■ **What is needed**:
Below are some records. Write out exactly their lines from the one with "Thumbnail 2 in" through the one with "16 LED Tubes", and leave the pictures behind.

Segment Start: Information provided

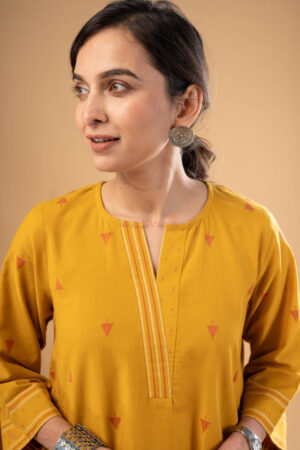 Image for Kusvaa Cood129 Navika Handloom Cotton Kurta Pant Set Featured
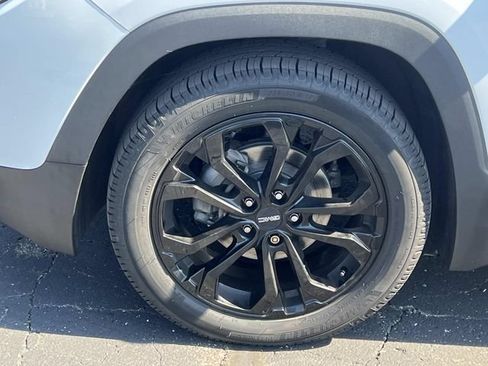 Used 2020 GMC Terrain SLE w/ Driver Convenience Package FWD image 10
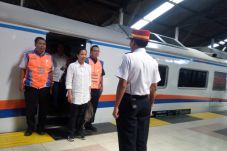 Menteri Rini Akan Aktifkan...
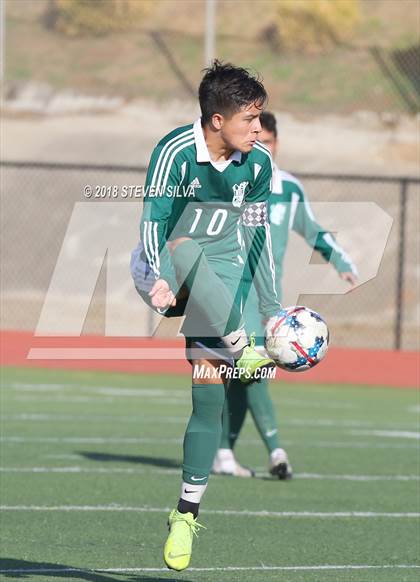 Thumbnail 2 in Hilltop vs. Ramona (Grossmont Holiday Tournament) photogallery.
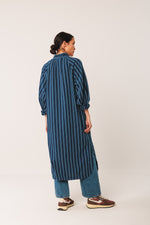 Load image into Gallery viewer, Oversized Shirt Dress
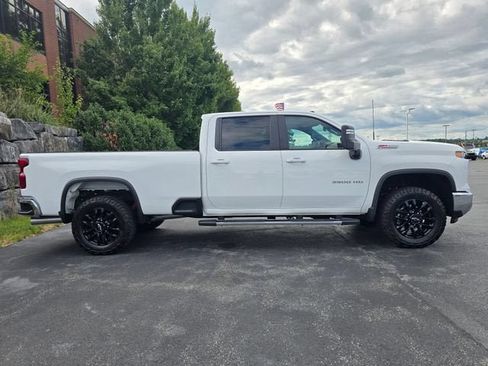 Used 2025 Chevrolet Silverado 3500 LT w/ All Star Edition AWD/4WD image 2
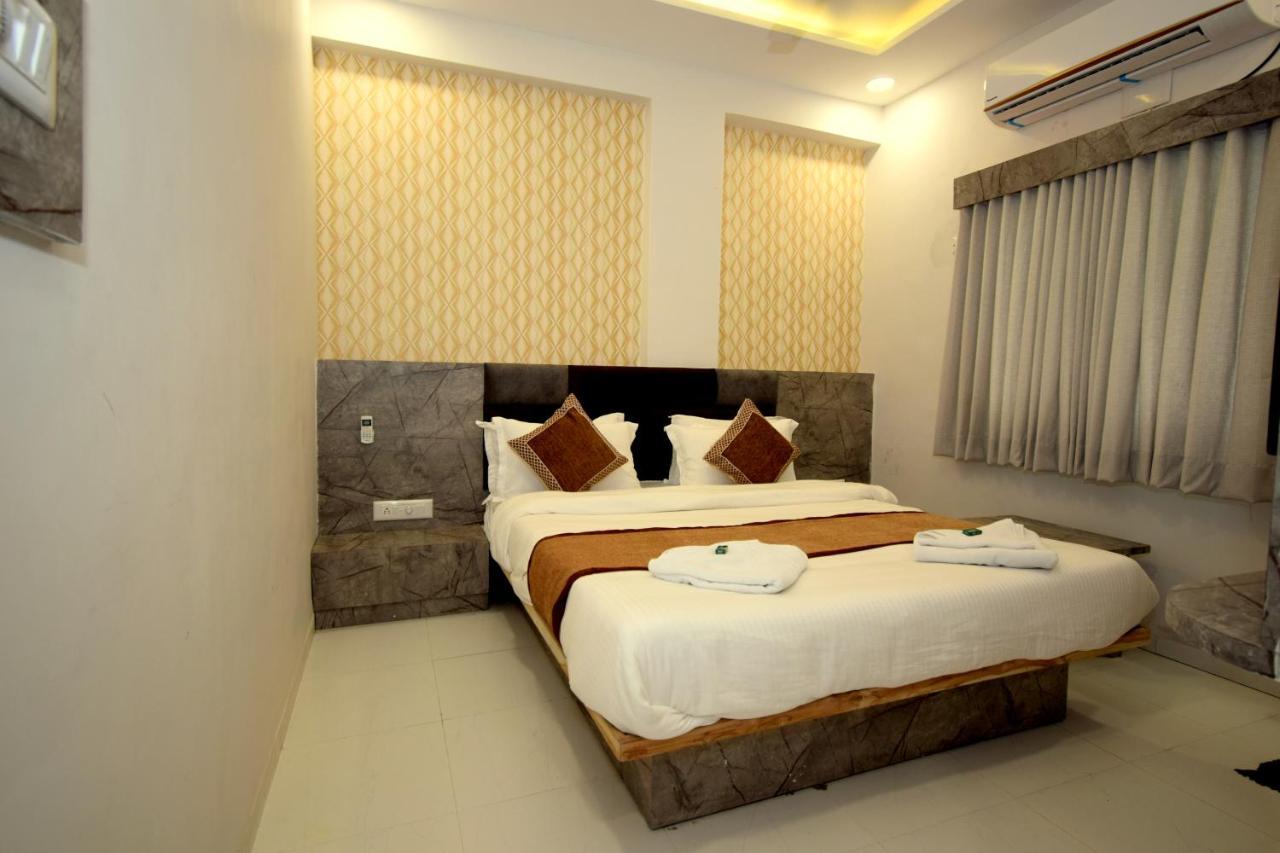 אחמדאבאד Hotel A1 Vastrapur מראה חיצוני תמונה
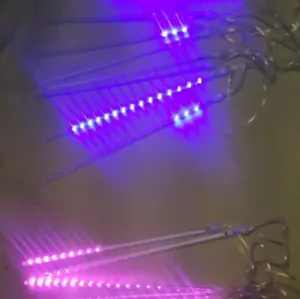 16 LED Tubes icicles Christmas decoration 8 blue, 8 pink - Picture 1 of 2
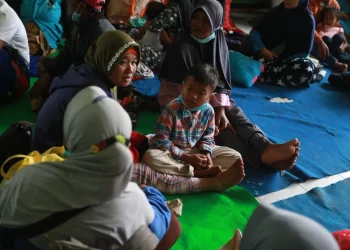 Warga terdampak erupsi Gunung Semeru di tempat pengungsian.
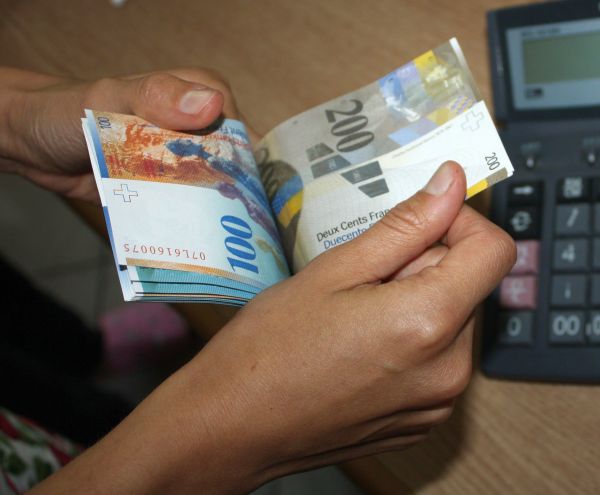 Curtea de Apel obligă banca să renegocieze contractul de credit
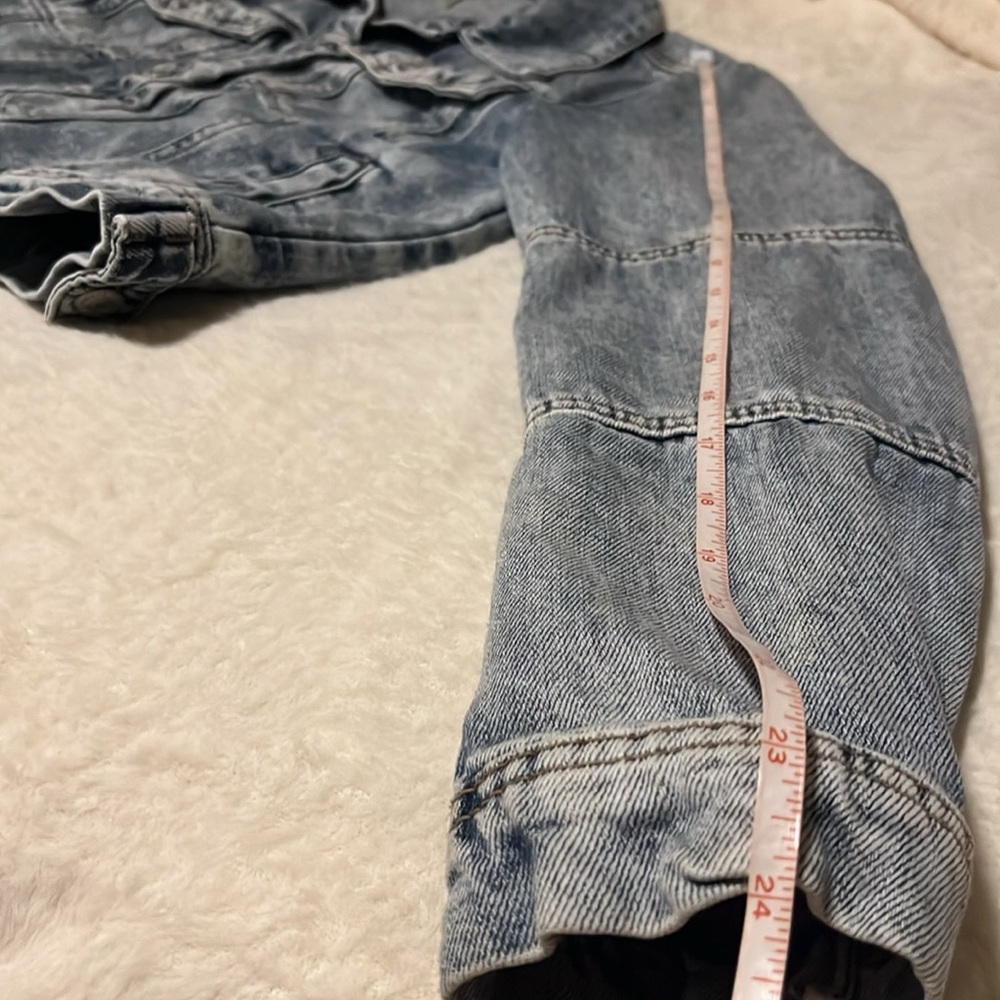 Free People We the Free Rumors Jacket Light Indigo Blue Denim Size Medium - Picture 15 of 16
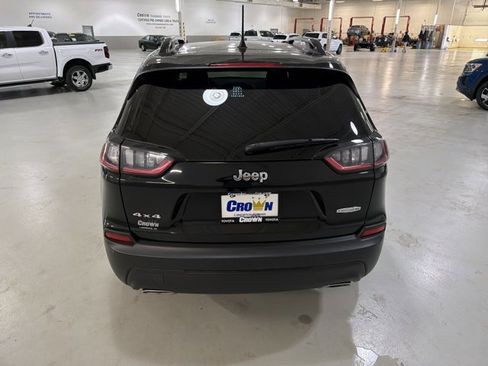 Used 2022 Jeep Cherokee Latitude Lux w/ Mopar Interior Package image 8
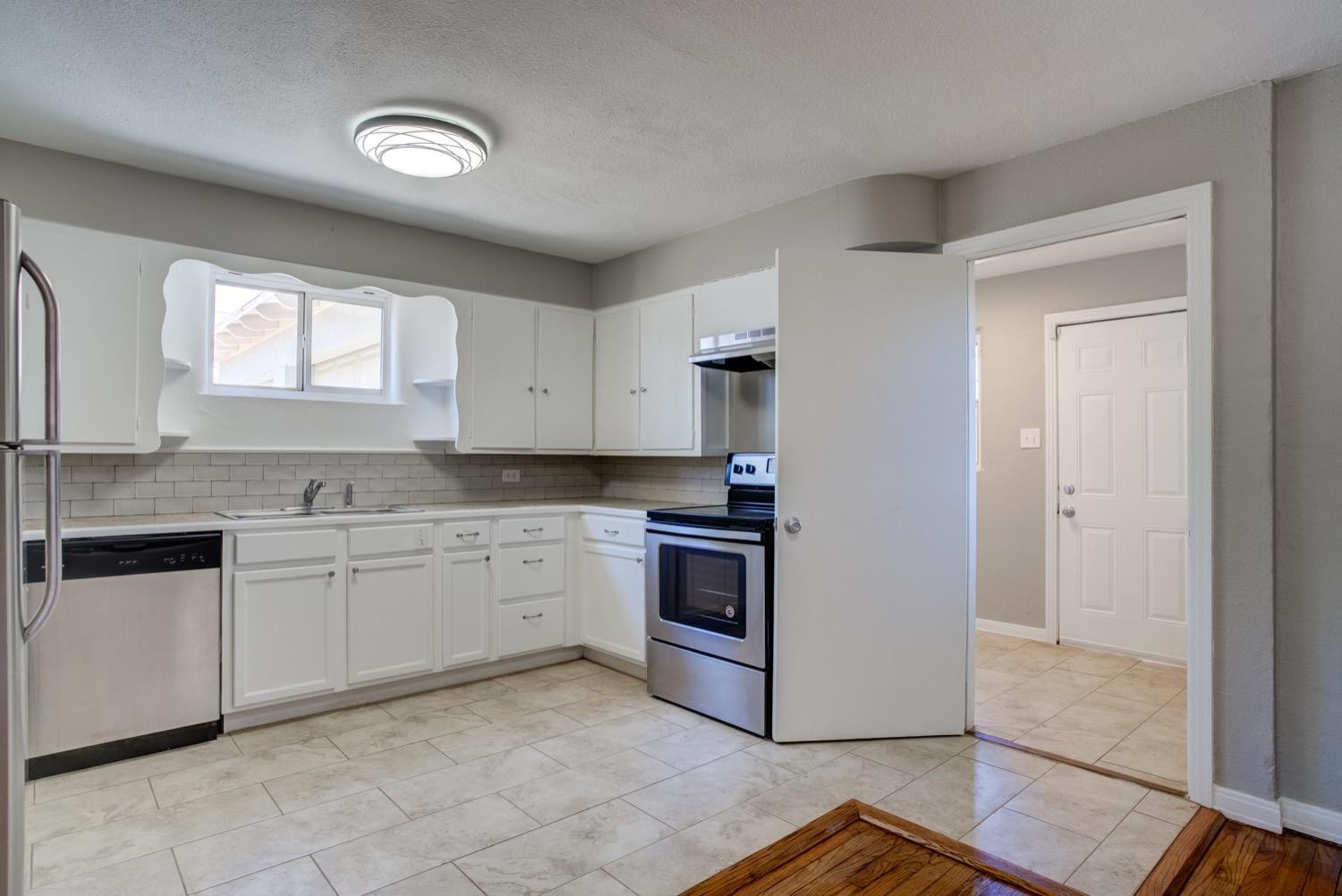 3320 27th Street Lubbock, TX 79410 - Photo 19 of 27 Photo 19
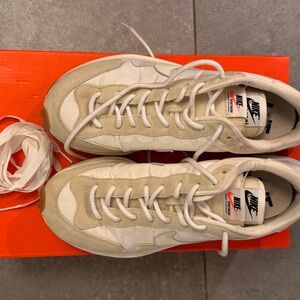 Men's Nike Sacai Vaporwaffle - white/gum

Segment End: Information provided

■ **Task solution**:
 Thumbnail 2 in Hilltop vs. Ramona (Grossmont Holiday Tournament) photogallery.
 Load image into Gallery viewer, Oversized Shirt Dress
 Used 2025 Chevrolet Silverado 3500 LT w/ All Star Edition AWD/4WD image 2
 אחמדאבאד Hotel A1 Vastrapur מראה חיצוני תמונה
 16 LED Tubes icicles Christmas decoration 8 blue, 8 pink - Picture 1 of 2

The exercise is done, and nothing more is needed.